Adding streaming support under guidance v0.1 #568

hodlen · 2024-01-03T16:44:13Z

Streaming updates of variables is crucial for my application yet not supported after the v0.1 update. I found the key is about capturing over the syntax tree and have implemented that in a very naive manner. As the result, we can use CaptureEvents to receives the latest Model reference every time a token is generated.

Here is how I use it in my application. Basically, I consume the event_queue of a model running in a separate thread and turn it into an iterator.

LMFunc = Callable[[Model], Model]

def get_vars_recursively(lm: Model) -> Dict[str, str]:
    vars = lm._variables
    if not lm._event_parent:
        return vars
    return {**get_vars_recursively(lm._event_parent), **vars}

def iter_guidance_vars(
    lm: Model, lm_func: LMFunc, timeout_secs=5
) -> Generator[Dict[str, str], None, None]:
    with CaptureEvents(lm) as events:
        worker_thread = threading.Thread(target=lambda: lm_func(lm))
        worker_thread.start()
        first_come_timeout = time.time() + timeout_secs
        while time.time() < first_come_timeout:
            if not events.empty():
                break
        while True:
            if not worker_thread.is_alive():
                for lm_res in events.queue:
                    yield get_vars_recursively(lm_res)
                return
            if not events.empty():
                yield get_vars_recursively(events.get())
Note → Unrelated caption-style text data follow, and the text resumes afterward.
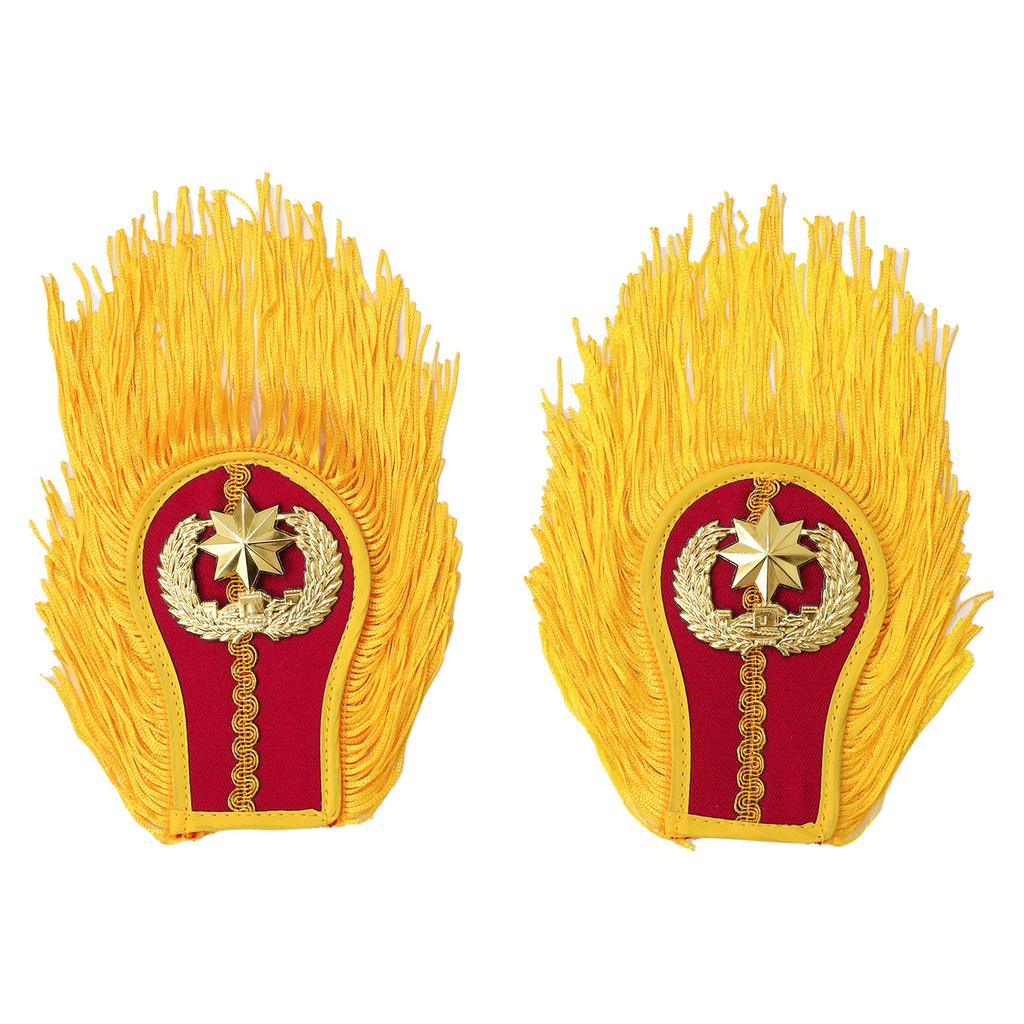 1 Pair Drum Horn Band Epaulets - Tassel Fringe Chain Shoulder Badge Applique for Uniform Costume & Performance
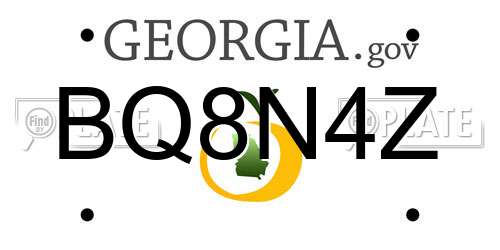 BQ8N4Z Georgia License Plate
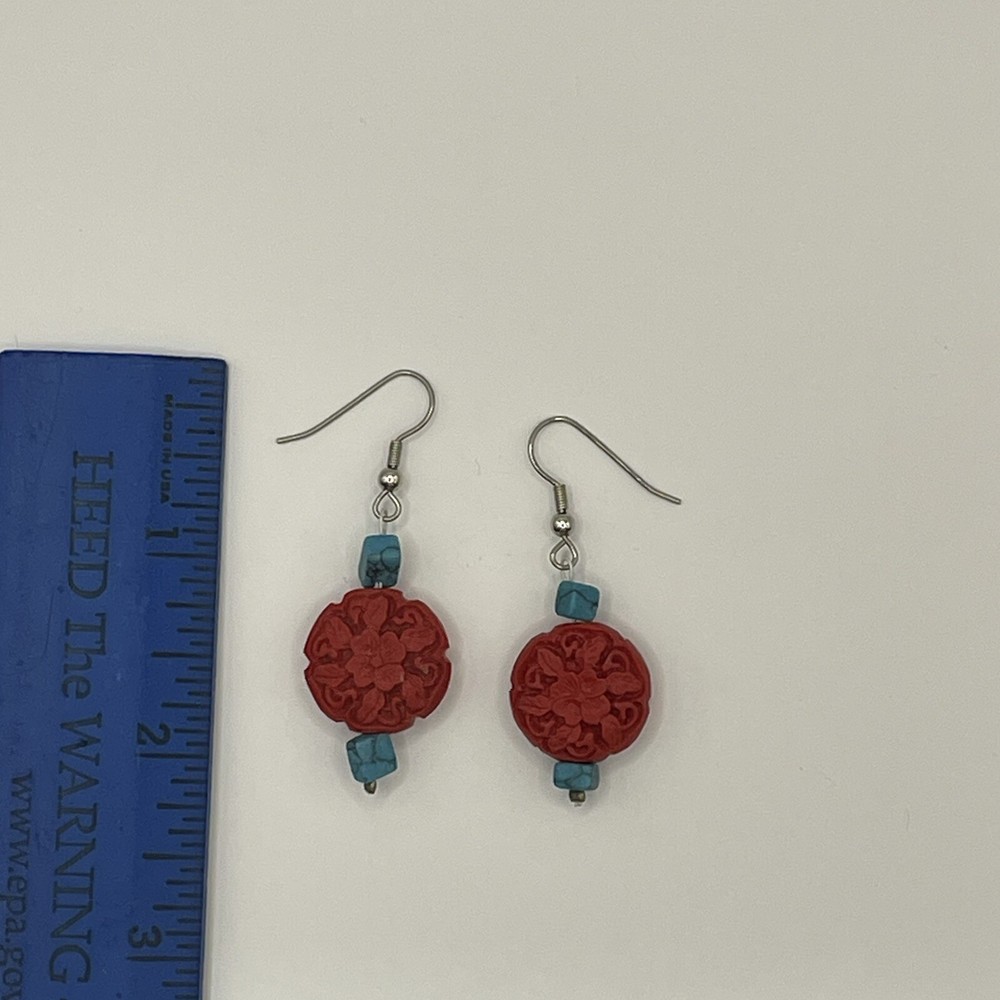 Cinnabar And Turquoise Dangle Earrings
I am not sure whether it breaks any other in other aspects. Look forward to your feedbacks and suggestions for any improvements or concerns regarding potential impacts.

hodlen · 2024-01-03T16:56:36Z

It's worth noting that my implementation has not dealt with event bubbling every well. For nested LM calls, like lm += gen_fn(lm), we can receive the latest model reference when the subroutine generates a token, but it's the model inside gen_fn and seems not the child of lm.

So (1) it doesn't include any variable that has been generated; and (2) we cannot track back to lm from such reference if we want to merge variables from its parent.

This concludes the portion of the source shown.